E, nel confronto a distanza con le Regioni, non poteva mancare l’altro tema “caldo” che aveva tenuto banco nel Consiglio: il sistema di gestione delle autorizzazioni ai nuovi impianti. Dopo un altro assist del moderatore, Giorgio Dell’Orefice, è ancora Zonin a partire all’attacco: “il declino del potenziale viticolo, ininterrotto da oltre un decennio, è sotto gli occhi di tutti – ha accusato il presidente di UIV – e proseguirà incessante se non troveremo un sistema efficiente di gestire quell’1% annuo di superficie vitata (pari a circa 6500 ettari) di nuove autorizzazioni che la PAC ci consentirà in futuro”. Anche perché dall’UE arrivano segnali molto confusi sui criteri di gestione della partita “autorizzazioni” e le Regioni italiane sono pronte a rientrare in campo.

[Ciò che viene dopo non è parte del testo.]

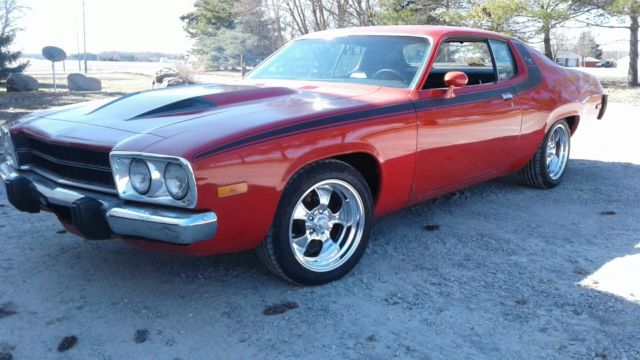 1973 Plymouth Road Runner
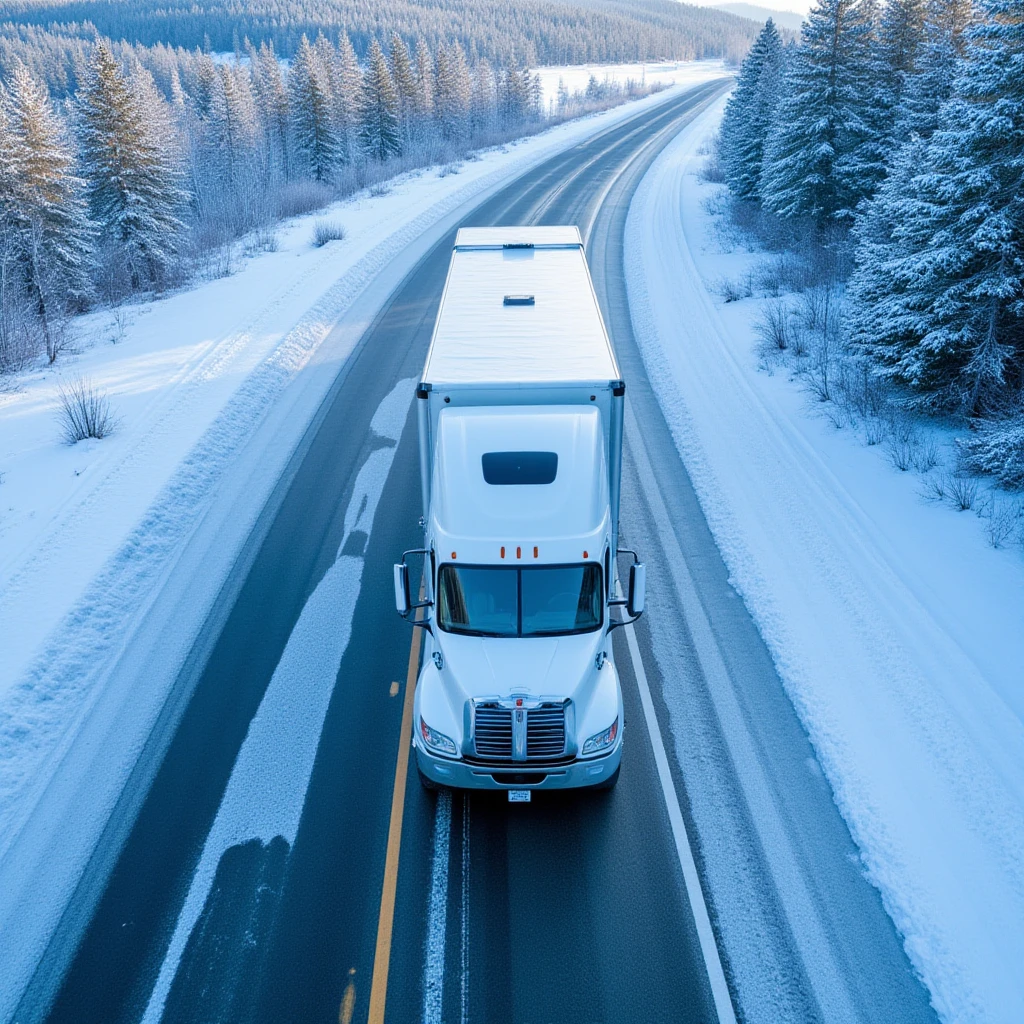 На дорогах России к 2028 году будут работать свыше 300 беспилотных грузовиков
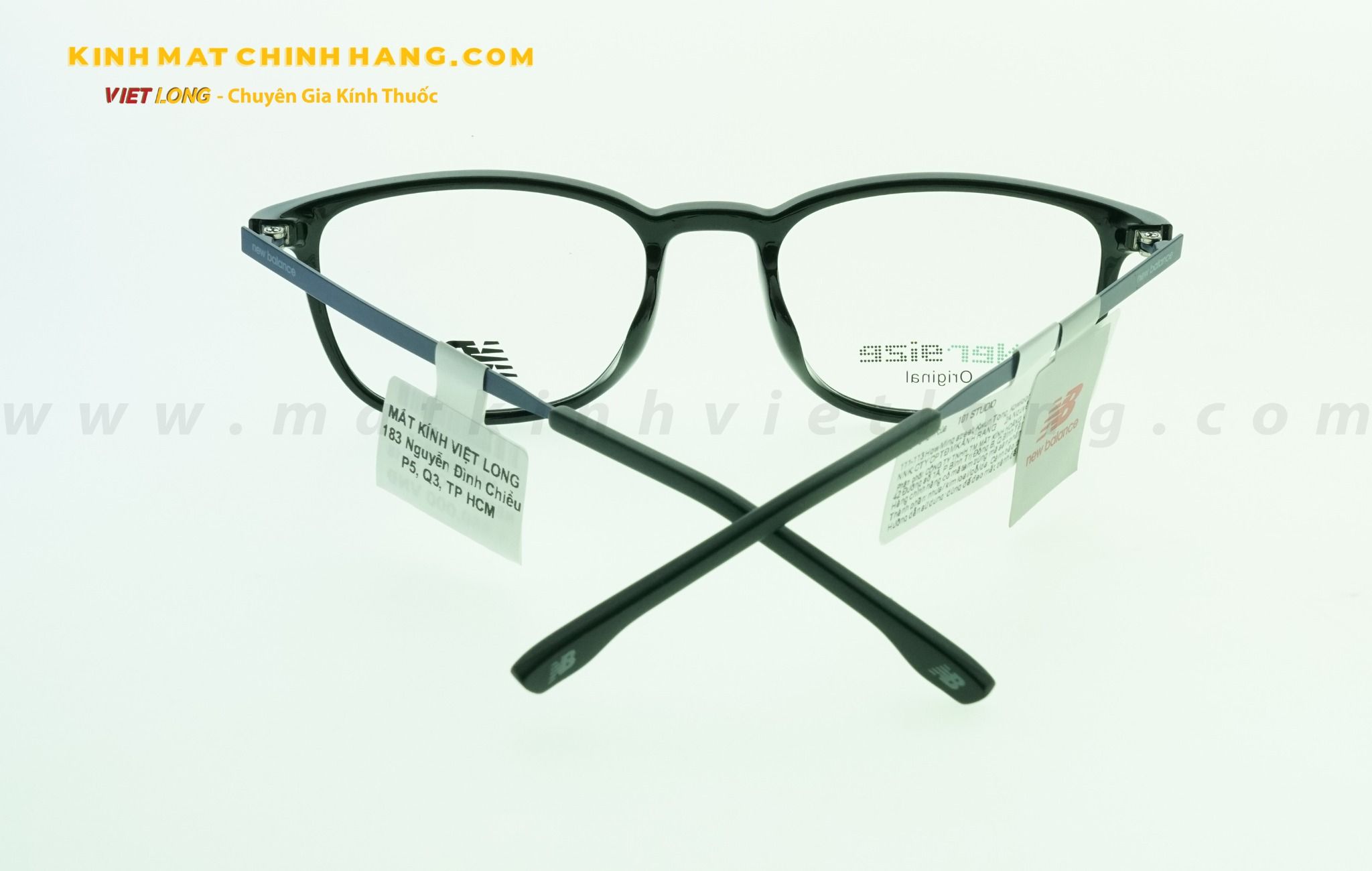 GỌNG KÍNH NEWBALANCE NB09212X-C01 52-18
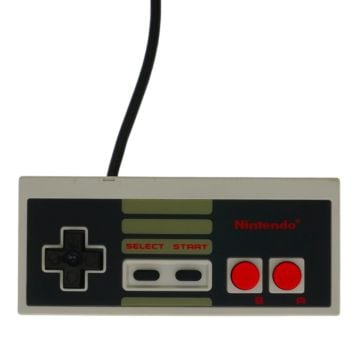 Nintendo NES Genuine Controller [Pre-Owned]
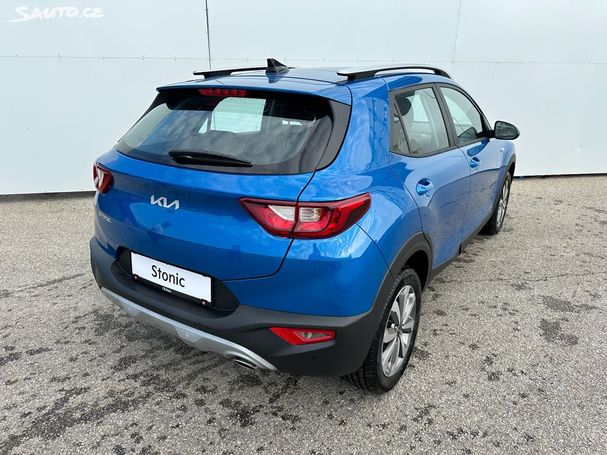 Kia Stonic 1.2 58 kW image number 3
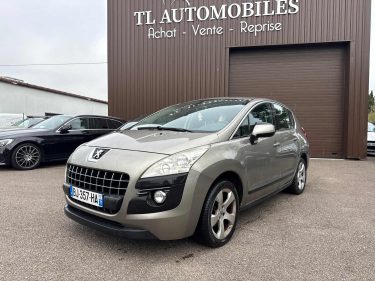 PEUGEOT 3008 1.6 HDI112 CONFORT PACK 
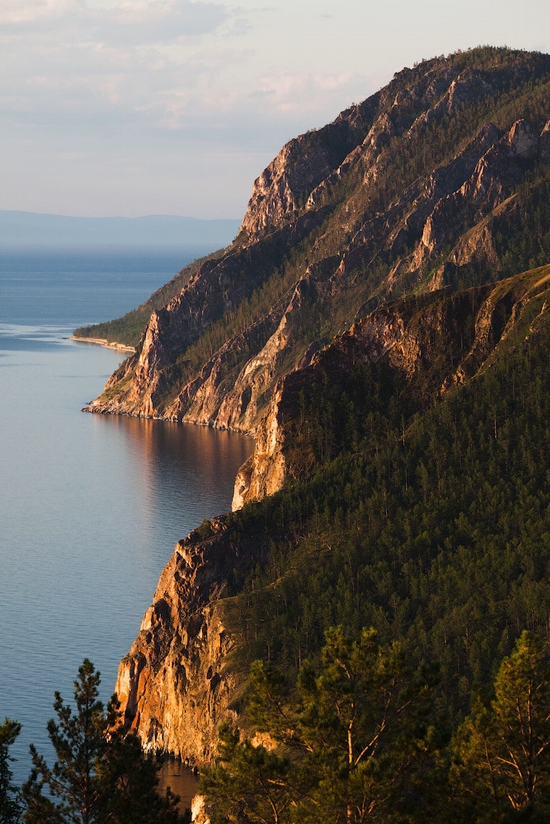 Uzury area, Olkhon Island, Baikal Lake, Russia view 14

Lacci e lacciuoli, regolamenti e criteri contro cui interviene il Segretario Generale del CEEV, José Ramon Fernandez: “mentre noi ci riempiamo di regole, dimentichiamo che l’Europa vitivinicola si confronta con un resto del mondo che non ha queste limitazioni. E sarebbe un grave errore non tenere nella dovuta considerazione il fatto che gli spazi di mercato lasciati liberi dalla mancanza di prodotto europeo saranno occupati dal vino proveniente da Argentina, Cile, Australia, ecc. Un pericolo serio che può e deve essere neutralizzato indirizzando i nuovi vigneti – conclude Ramon – dove chiede il mercato”.